ArabellaScott · 21/05/2026 13:12

https://www.bbc.co.uk/news/world-europe-56181084

I assume its this;

'Some of the calls to revoke Navalny's prisoner of conscience status quoted a Twitter thread by Katya Kazbek, a freelance columnist published by the pro-Kremlin channel RT amongst others. She reposted Navalny's controversial videos after his arrest in January, describing him as an "avowed racist" and accusing supporters of "whitewashing" his nationalism.
Ms Kazbek, a pseudonym, describes herself online as a "feminist, LGBT researcher, citizen of the world", but her posts include praise of Stalin and also echo Kremlin claims that Alexei Navalny is controlled by the US government.'

Edited

Thanks for that.....though this article seems mainly to do with accusations of nationalism and racism ( rather than 'rainbow' issues). He would certainly have referred to himself as a patriot, and came from a military background

PaterPower · 21/05/2026 13:43

“Most media reports about trans people have a negative sentiment, while trans people are hardly seen in stories. When they do appear, it is as criminals or murder victims”

That’s a very selective filter they’ve applied there. And murder victims (plural)? I can only remember one in the UK, as horrific and unjustifiable as it was.

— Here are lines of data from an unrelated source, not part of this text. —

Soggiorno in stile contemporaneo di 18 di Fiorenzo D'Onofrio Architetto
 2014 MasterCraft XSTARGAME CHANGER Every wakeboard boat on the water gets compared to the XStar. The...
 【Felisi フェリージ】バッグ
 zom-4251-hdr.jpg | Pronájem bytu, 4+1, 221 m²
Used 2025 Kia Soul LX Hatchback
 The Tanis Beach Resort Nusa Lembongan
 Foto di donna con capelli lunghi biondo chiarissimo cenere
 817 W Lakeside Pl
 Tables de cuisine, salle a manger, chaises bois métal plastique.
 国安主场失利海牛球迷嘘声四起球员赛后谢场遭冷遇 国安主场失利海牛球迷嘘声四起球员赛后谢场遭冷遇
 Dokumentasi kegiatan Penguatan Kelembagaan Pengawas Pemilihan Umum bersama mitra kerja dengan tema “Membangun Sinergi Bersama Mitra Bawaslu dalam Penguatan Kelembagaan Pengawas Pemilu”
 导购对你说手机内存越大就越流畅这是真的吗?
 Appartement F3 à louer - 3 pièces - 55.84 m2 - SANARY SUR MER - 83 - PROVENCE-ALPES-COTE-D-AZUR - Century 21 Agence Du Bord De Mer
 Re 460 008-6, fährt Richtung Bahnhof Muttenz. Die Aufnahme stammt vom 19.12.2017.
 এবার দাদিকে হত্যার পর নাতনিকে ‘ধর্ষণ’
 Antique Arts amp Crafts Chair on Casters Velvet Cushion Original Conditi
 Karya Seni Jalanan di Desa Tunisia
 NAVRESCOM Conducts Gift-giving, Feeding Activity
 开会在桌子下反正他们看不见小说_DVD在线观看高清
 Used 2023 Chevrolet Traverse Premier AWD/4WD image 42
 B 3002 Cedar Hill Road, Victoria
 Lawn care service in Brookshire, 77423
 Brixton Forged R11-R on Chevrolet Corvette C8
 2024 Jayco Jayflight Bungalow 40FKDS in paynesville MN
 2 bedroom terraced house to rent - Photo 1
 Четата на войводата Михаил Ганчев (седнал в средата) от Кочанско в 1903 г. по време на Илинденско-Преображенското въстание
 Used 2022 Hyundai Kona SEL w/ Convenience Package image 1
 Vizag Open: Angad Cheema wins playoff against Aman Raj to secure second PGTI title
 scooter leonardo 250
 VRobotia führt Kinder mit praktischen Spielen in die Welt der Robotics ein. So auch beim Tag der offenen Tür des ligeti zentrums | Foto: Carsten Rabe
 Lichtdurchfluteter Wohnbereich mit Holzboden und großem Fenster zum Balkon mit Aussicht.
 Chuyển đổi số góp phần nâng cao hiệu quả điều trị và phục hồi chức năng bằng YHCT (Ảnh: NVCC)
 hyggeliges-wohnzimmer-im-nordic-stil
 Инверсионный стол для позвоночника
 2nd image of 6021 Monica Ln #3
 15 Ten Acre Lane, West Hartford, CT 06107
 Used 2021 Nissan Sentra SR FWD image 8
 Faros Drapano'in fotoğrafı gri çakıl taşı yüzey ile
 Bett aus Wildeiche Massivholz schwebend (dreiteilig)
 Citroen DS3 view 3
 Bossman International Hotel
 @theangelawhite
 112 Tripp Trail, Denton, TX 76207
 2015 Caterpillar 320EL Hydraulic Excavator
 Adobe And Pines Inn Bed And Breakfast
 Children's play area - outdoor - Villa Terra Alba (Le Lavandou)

RoyalCorgi · 21/05/2026 13:44

ArabellaScott · 21/05/2026 13:18

Thank you. So, Amnesty did not support PIE? Googling is not throwing up anything.

I don't think they did - I think there'd have been a major scandal if they had done. Amnesty always seemed a pretty decent organisation until the trans madness took hold.

ScarlettSunset · 21/05/2026 13:49

Ok, I'll be honest, I haven't read the document.
Does it say anywhere in it how the LGB part of LGBTI+ has been negatively affected or is it all just about the T?

OP posts:
OpheliaWitchoftheWoods · 21/05/2026 14:06

They do realise that eventually the entire general public will mean when they say 'anti-trans' they actually mean 'women having rights too'?

The 'network' of people cruelly and maliciously.... protecting women's rights, access and equality from insane activists, who can't see women as actually human. Dysfunction on crack.

Helleofabore · 21/05/2026 14:10

They really are 'Am nasty' these days.

Just like UN women really are unwomen.

SingleSexSpacesInSchools · 21/05/2026 14:10

ScarlettSunset · 21/05/2026 13:49

Ok, I'll be honest, I haven't read the document.
Does it say anywhere in it how the LGB part of LGBTI+ has been negatively affected or is it all just about the T?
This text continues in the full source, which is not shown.